◆ Work instruction
Leave out the images and repeat every entry below exactly.

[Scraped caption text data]
[Start of Attachment]
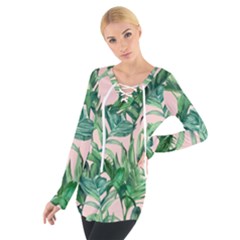 Green Leaves On Pink Tie Up Tee by goljakoff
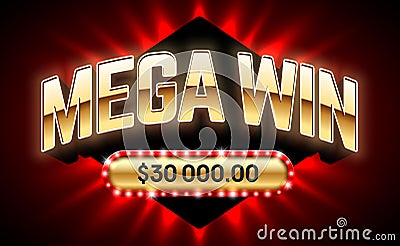 Mega Win banner Vector Illustration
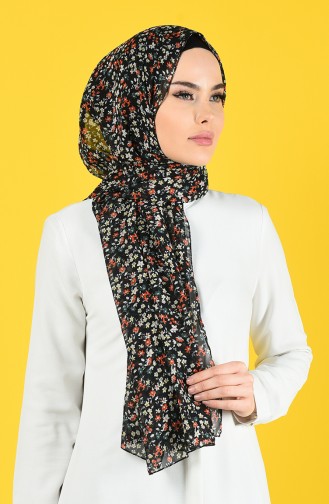 Floral Pattern Chiffon Shawl 26065-01 Red Black 26065-01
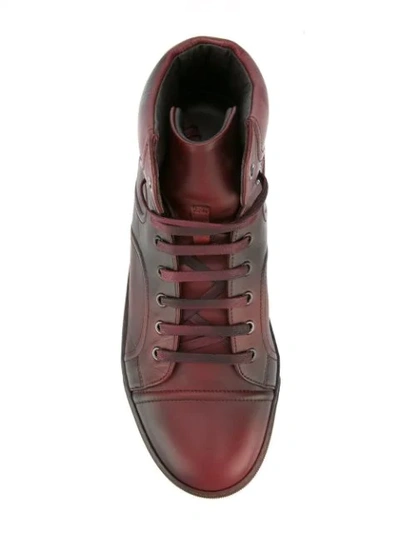 Shop Lanvin Hi-top Spray Paint Sneakers In Red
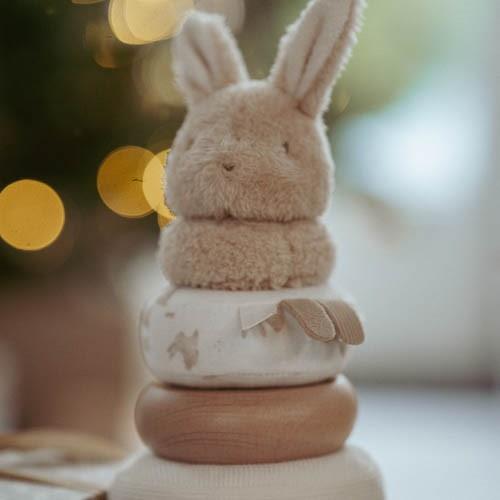 Personalized Baby Bunny Stacking Toy with Name - Birth Gift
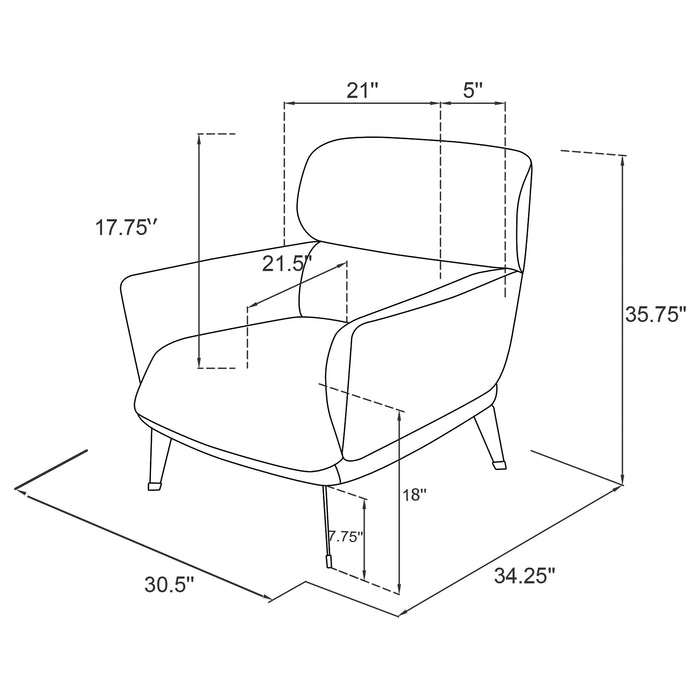 Andrea Upholstered Crecent Arm Accent Chair Grey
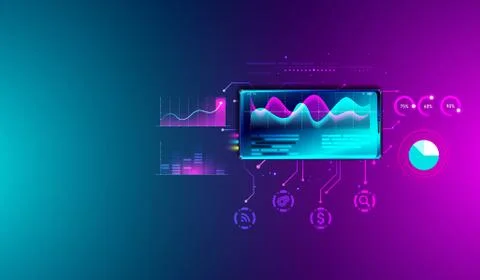 Financial statistics analysis on smartphone with graphs, business planning Stock Illustration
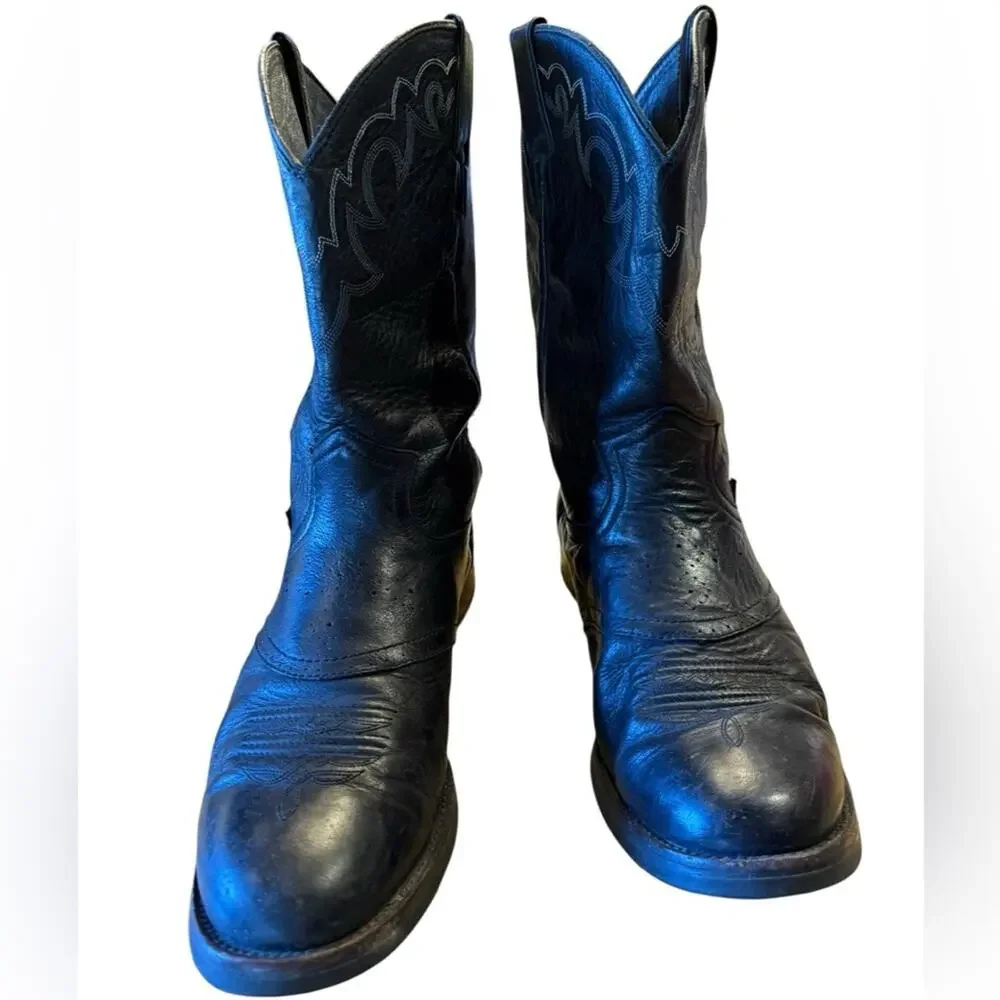 Justin Boots J-Flex Black Leather Work Boot with Red Logo Accents Mens 12D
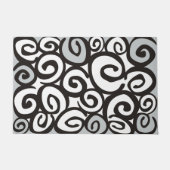 Spirals Patroon Zwart-wit en jouw ideeën Deurmat (Voorkant)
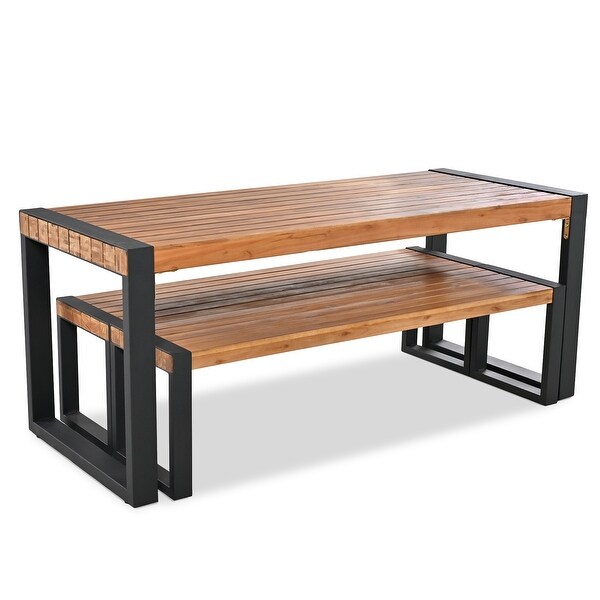 3Piece Acacia Outdoor Picnic Table Set With 2 Benches，With Acacia Wood Top and Steel Frame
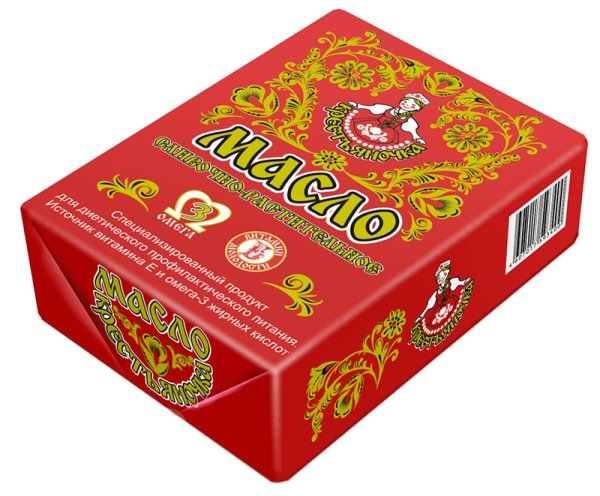 Масло сливочное в красной упаковке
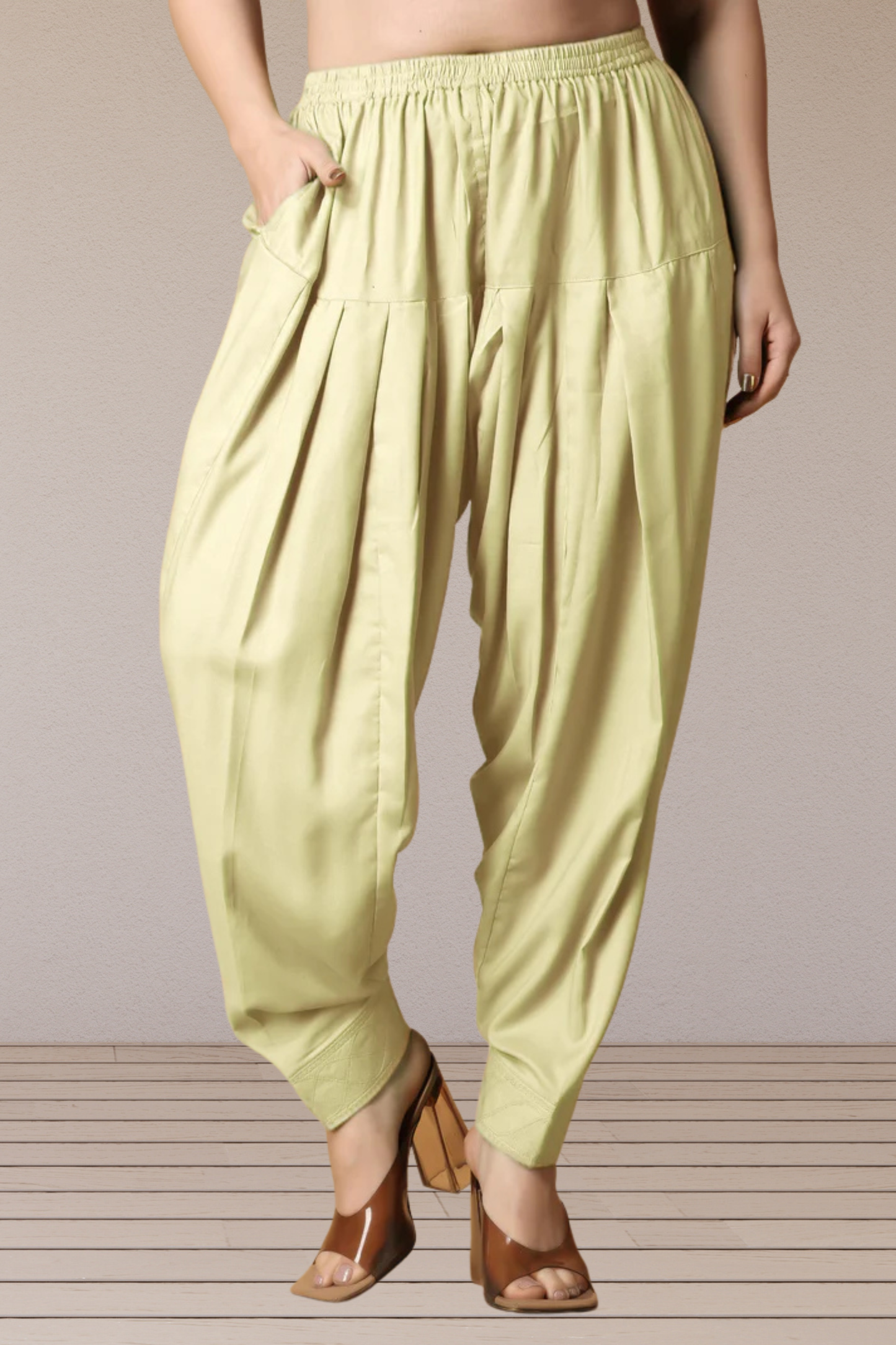 Lemon Rayon Pleated Salwar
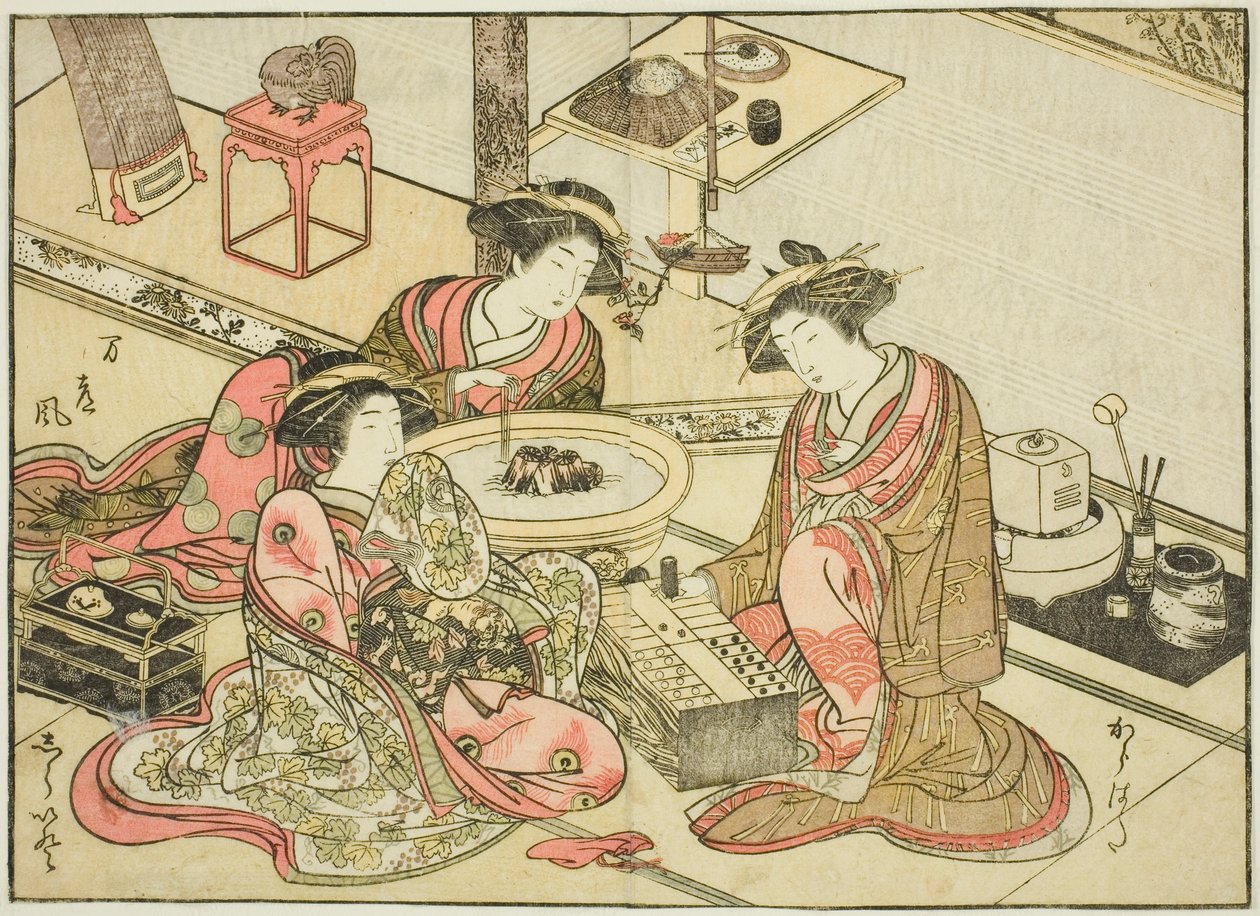 Courtisanes du Yamashiroya, du livre "Miroir des belles femmes des quartiers de plaisir (Seiro bijin awase sugata kagami)", vol. 2 - Katsukawa Shunsho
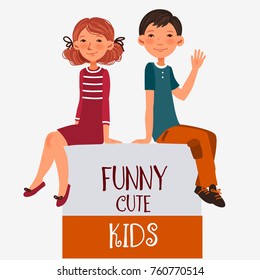 Funny kids with whiteboard. Cute, smiling boy and girl. Children becoming friends 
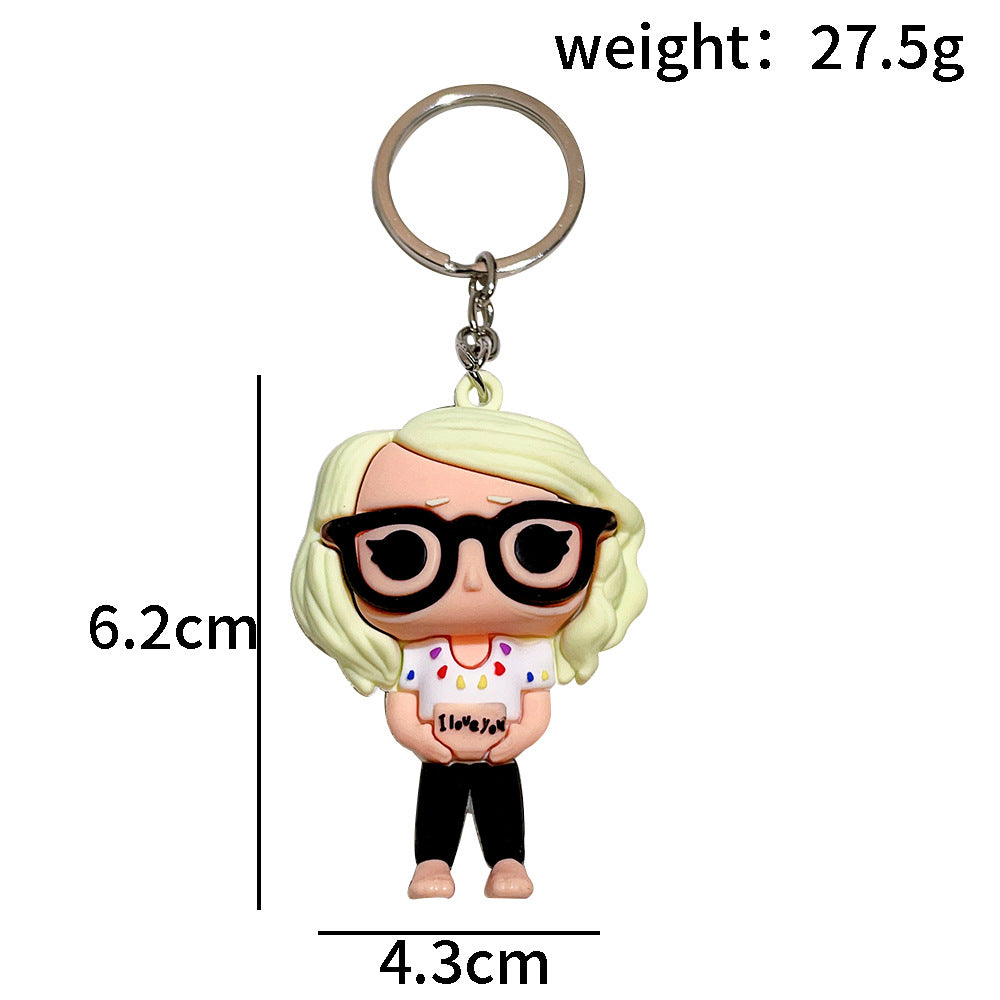 PVC cartoon Taylor Swift keychain MIC-QiC040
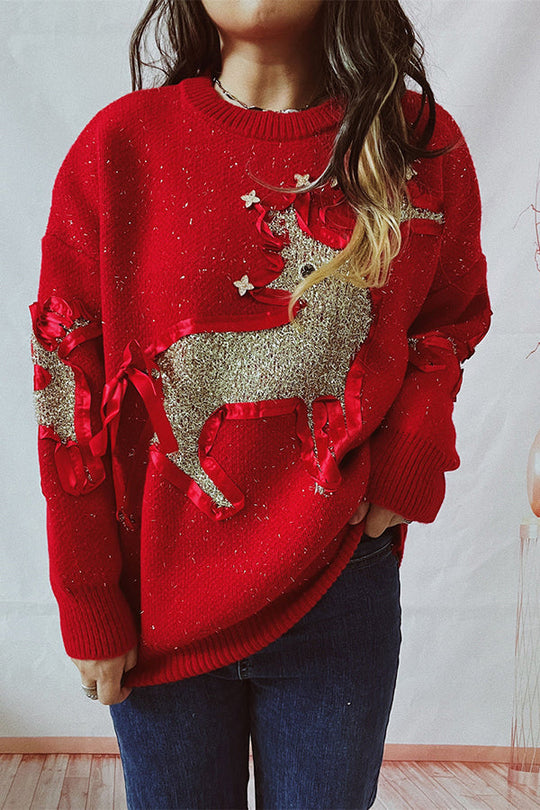 EB | Weihnachtsmuster Gestrickter Rundhalsausschnitt Langarmpullover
[End of Attachment]
◆ Result of this exercise
 Green Leaves On Pink Tie Up Tee by goljakoff
 Mega Win banner Vector Illustration
 Floral Pattern Chiffon Shawl 26065-01 Red Black 26065-01
 Shop Lanvin Hi-top Spray Paint Sneakers In Red
 Personalized Baby Bunny Stacking Toy with Name - Birth Gift
 Andrea Upholstered Crecent Arm Accent Chair Grey
 Financial statistics analysis on smartphone with graphs, business planning Stock Illustration
 Justin Boots J-Flex Black Leather Work Boot with Red Logo Accents Mens 12D
 Spirals Patroon Zwart-wit en jouw ideeën Deurmat (Voorkant)
 3Piece Acacia Outdoor Picnic Table Set With 2 Benches，With Acacia Wood Top and Steel Frame
 Масло сливочное в красной упаковке
 Lemon Rayon Pleated Salwar
 Courtisanes du Yamashiroya, du livre "Miroir des belles femmes des quartiers de plaisir (Seiro bijin awase sugata kagami)", vol. 2 - Katsukawa Shunsho
 Funny kids with whiteboard. Cute, smiling boy and girl. Children becoming friends 
 PVC cartoon Taylor Swift keychain MIC-QiC040
 EB | Weihnachtsmuster Gestrickter Rundhalsausschnitt Langarmpullover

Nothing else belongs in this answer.